GE also believes that, in the Discussion section of the original
NPRM, the reference to ``-40 [deg]C'' in the explanation of conditions
for activating engine anti-ice on airplanes equipped with a primary in-
flight ice detection system should be changed to ``SAT -40 [deg]C.''
From this statement, we infer that GE is requesting that we revise
the Discussion section of the original NPRM to clarify the referenced
temperature. We partially agree.

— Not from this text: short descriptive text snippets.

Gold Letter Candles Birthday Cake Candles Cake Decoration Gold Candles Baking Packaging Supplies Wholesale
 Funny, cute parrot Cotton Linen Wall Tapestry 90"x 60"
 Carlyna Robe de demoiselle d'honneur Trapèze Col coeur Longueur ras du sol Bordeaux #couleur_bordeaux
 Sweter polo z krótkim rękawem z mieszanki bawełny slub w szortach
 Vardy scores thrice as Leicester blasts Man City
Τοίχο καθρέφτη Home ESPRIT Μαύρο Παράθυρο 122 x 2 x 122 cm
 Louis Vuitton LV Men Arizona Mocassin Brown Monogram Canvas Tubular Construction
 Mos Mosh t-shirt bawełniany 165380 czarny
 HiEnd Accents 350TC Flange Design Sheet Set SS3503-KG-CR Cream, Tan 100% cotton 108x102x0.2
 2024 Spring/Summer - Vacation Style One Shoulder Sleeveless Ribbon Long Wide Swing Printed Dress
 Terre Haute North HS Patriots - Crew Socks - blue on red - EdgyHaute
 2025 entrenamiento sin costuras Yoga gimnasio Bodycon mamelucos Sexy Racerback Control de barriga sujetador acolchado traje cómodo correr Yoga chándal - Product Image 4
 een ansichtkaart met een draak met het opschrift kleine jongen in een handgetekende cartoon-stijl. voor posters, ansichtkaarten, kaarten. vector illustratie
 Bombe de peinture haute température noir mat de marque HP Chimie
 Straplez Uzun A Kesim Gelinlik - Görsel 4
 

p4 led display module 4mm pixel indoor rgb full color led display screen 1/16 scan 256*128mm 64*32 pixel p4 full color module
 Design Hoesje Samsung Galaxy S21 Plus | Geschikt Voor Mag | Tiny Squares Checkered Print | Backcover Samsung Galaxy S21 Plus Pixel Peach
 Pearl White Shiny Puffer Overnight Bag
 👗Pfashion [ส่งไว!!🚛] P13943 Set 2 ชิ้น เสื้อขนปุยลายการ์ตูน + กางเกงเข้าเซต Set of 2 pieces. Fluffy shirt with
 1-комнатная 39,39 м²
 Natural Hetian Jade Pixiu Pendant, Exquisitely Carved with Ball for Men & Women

We agree that the temperature should
be ``SAT -40 [deg]C.'' However, as previously noted, the
[[Page 46871]]
Discussion section in the original NPRM is not restated in this
supplemental NPRM, there is no need to revise the supplemental NPRM in
this regard.
Request to Revise the Costs of Compliance Section of the NPRM
GE suggests that there should be an operational cost of compliance
included in the proposed Costs of Compliance provided in the original
NPRM. GE states that, while increasing engine off-take or bleed does
provide additional margin against flameout, doing so requires somewhat
increased fuel burn. GE believes the proposed procedure would be
required on a significant percentage of flights, and estimates that the
incremental fuel required is around 100 pounds of fuel per flight for
Model 747 airplanes, but less for Model 767 airplanes.
We do not agree to include an operational cost. The cost
information in AD actions describes only the direct costs of the
specific actions required by the AD: an AFM revision in this case. The
estimated cost of this action represents the time necessary to perform
only the actions actually required by this supplemental NPRM. We
recognize that, in doing the actions required by an AD, operators might
incur operational costs in addition to the direct costs. The cost
analysis in AD rulemaking actions, however, typically does not include
incidental or operational costs such as the time required for planning
or other administrative actions, and, in this case, possible additional
fuel costs. Those costs, which might vary significantly among
operators, are almost impossible to calculate. Additionally, we have
determined that the additional fuel burn necessitated by the AFM
procedure would be insignificant. We have not changed the supplemental
NPRM in this regard.
Request to Remove Nacelle Anti-Ice Requirement in Certain Icing
Conditions
Global requests that we revise the original NPRM to remove the
proposed requirement to select manual nacelle anti-ice in visible
moisture below a total air temperature (TAT) of 10 [deg]Celsius (C)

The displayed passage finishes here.